If you want to read more:-

Adaptil helps dogs and puppys learn settle travel and in kennels

Personally I have mine within sight and sound of me at night for the first couple of weeks, that way you can take them out, when they naturally wake or stir to the toilet too, helping with toilet training.

Meanwhile I usually start on weaning them gently to cope alone in the day time while you are in.
Its best to do it after a play session or exercise when they will have gotten rid of excess energy and be tired and more likely to settle. Just take him to where he is to be left and give him a safe chew or stuffed kong, and walk away no fuss.
Like you did with the crate and pushing the door too, you must return at first before they get stressed of vocal if its literally for a minute or two, let him out but continue to ignore him for another minute then call him to you and give him lots of attention. You then start to build up the times gradually as he learns to self amuse and then rest. Having a radio down low on a talking station can help as it seems to soothe a lot of pups. 
By making it a gentle process, he should learn that when you leave you will always be back, and leaving him with something to self amuse should help, plus the Goody makes a good association with being left.

Anoter alternative would be to have the crate in the kitchen door open as his bed, and confine him to the kitchen with a baby or dog control gate. This is often better as they don't feel so isolated as with a solid closed door shut on them.


----------



## Vinniethefrenchie (Sep 24, 2013)

thank you sled dog hotel - really apprecaite the time you have taken to reply & your helpful ideas.

He did really well last night in his crate - he seems to settle down into it really quickly when I am right by him. He woke up every couple of hours to go out to the toilet but slept basically from 10pm until 7am. That will be his normal schedule, expect when I am back at work, he will probably be getting up around 6am and may go to bed closer to 11pm.

I don't suppose we have crate trained him that slowly, so you're right, taking him back to the very basics is what we will need to do. It's super difficult because if I am nearby he just clambers on to me and falls asleep wherever he can be touching me. He won't stay in the crate with the door open even if he has tasty treats or his favourite toy because he can see me & he wants to be near me. 

I will keep trying for very short periods of time. He will go in there of his own accord when I am in the room just pottering around - I have been the "treat fairy" so leave little surprises for him to find now and again. He doesn't seem stressed out about going in or out of the crate, really, he just doesn't like it when left alone, or when it blocks his access to me. 

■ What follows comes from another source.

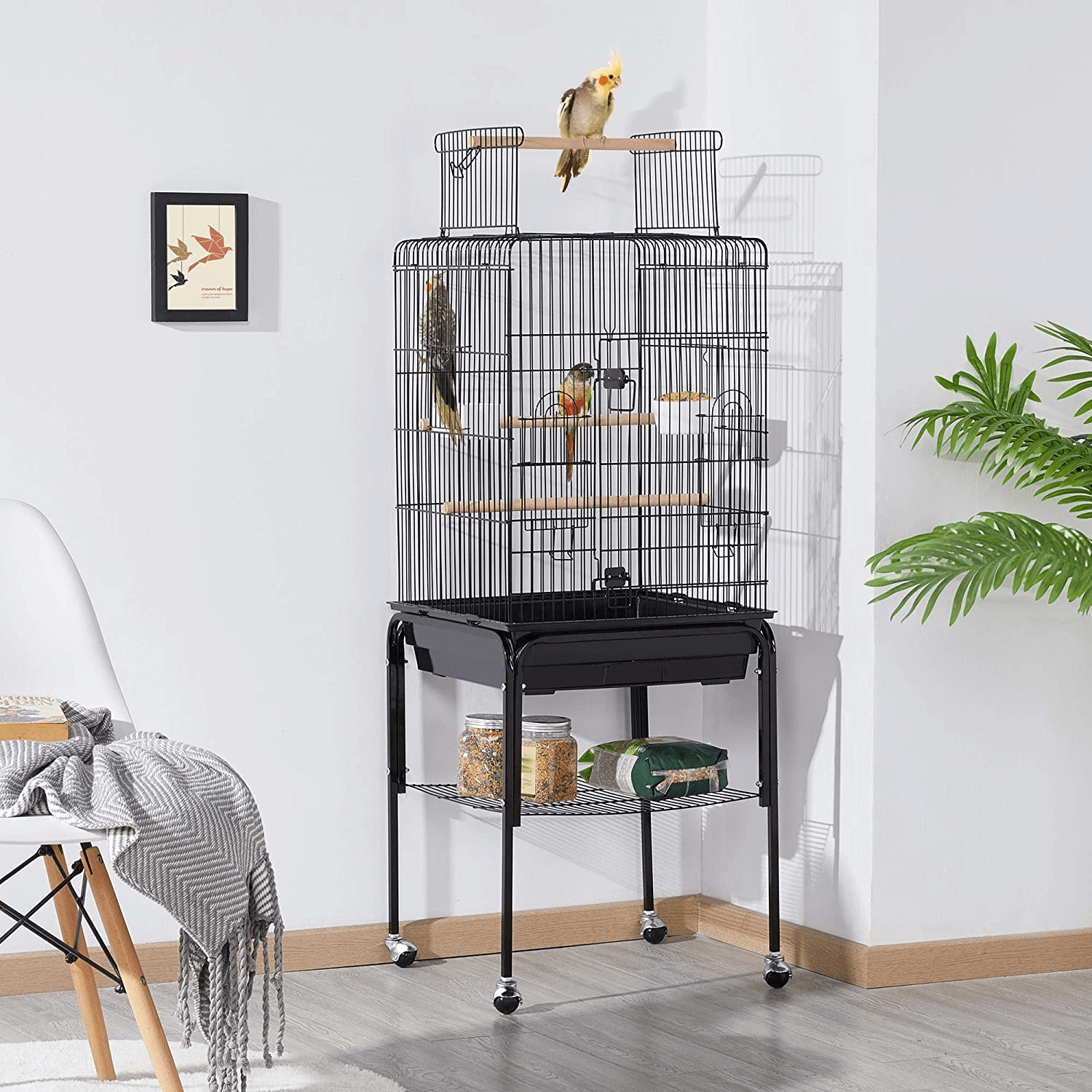 Yaheetech Open Top Rolling Parrot Bird Cage for Cockatiel Sun Parakeet Green Cheek Conure Mid-Sized Parrot Cage with Detachable Stand Animals & Pet Supplies > Pet Supplies > Bird Supplies > Bird Cage Accessories Yaheetech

I think I'll try the pheromone appeaser, and perhaps get a baby gate to see if this will calm him when left alone. Meanwhile, patience, patience patience 

thank you again!


----------



## Sled dog hotel (Aug 11, 2010)

Vinniethefrenchie said:


> thank you sled dog hotel - really apprecaite the time you have taken to reply & your helpful ideas.
> 
> He did really well last night in his crate - he seems to settle down into it really quickly when I am right by him. He woke up every couple of hours to go out to the toilet but slept basically from 10pm until 7am. That will be his normal schedule, expect when I am back at work, he will probably be getting up around 6am and may go to bed closer to 11pm.
> 
> ...


The problem is the more he is with you and not learning to begin to cope alone likely the more dependant still he will become and the worse it will get, so if you will be going back to work in the not to distant future you do need to start weaning him off gently now while you still have the chance.


----------



## Vinniethefrenchie (Sep 24, 2013)

we have been out meeting some of my friends, I've came home, fed him, we've had a play, taken him outside and he was trying to settle down on my legs for a nap. Every time I would take him gently and put him in his crate with his favourite chew toy. He has finally laid down & is napping now. I have shut the crate door, and he has noticed this and isn't bothered. I am still sitting near his crate - should I leave - if I do, I know he will cry when he wakes & realises I am not here?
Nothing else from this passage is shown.